The BBC campus, Broadcasting House Bristol, is located on Whiteladies Road, Bristol. The first building to be occupied was 21/23 Whiteladies Road, which was built in 1852 and is a Grade II listed building, with four radio studios. It was formally opened by the Lord Mayor of Bristol on 18 September 1934. The BBC has been on the same site ever since. 

It was made public in May 2021 that the BBC Studios production base, incorporating the Natural History Unit and Factual Entertainment, will be moving to a new site called Bridgewater House at Finzels Reach in Bristol city centre.

Main site 
Since first opening, Broadcasting House has grown to incorporate 25, 27/29, 31/33, (all also Grade II listed) and 33A&B Whiteladies Road, as well as nos 1, 3, 5, 7/9, 11/13, 15/17 and 19 Tyndall's Park Road. It now provides offices and technical facilities for the BBC Studios Natural History Unit, BBC Radio & Music Production Bristol, BBC West and BBC Radio Bristol.

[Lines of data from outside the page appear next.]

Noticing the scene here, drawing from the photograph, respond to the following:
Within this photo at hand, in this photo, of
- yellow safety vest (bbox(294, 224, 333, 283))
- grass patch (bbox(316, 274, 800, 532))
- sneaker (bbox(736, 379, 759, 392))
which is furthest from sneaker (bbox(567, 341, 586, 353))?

Network radio studios, a network television studio (Studio B -Green Screen Virtual Studio), a regional television studio (Studio A), local radio studios, a combined television and radio newsroom, and an outside broadcast base have all been built on the site.

In 1986 33A&B Whiteladies Road were demolished to make way for a new development providing post-production facilities, a restaurant, library and headquarters offices for the South and West Region, as well as a new reception for Broadcasting House. The new building was opened by Chris Patten on 19 January 1990.

Other Bristol facilities 
At the time of World War II the BBC also had radio facilities at Redland Park Hall, All Saints Hall, the Chapter House, College Road, Clifton Parish Hall, the Cooperative Hall and the Clifton Rocks Railway.

In more recent times 15 Whiteladies Road, St Mary's Church in Belgrave Road, and Christchurch Hall have also provided accommodation and facilities. A radio control room was built in St George's Church, Brandon Hill.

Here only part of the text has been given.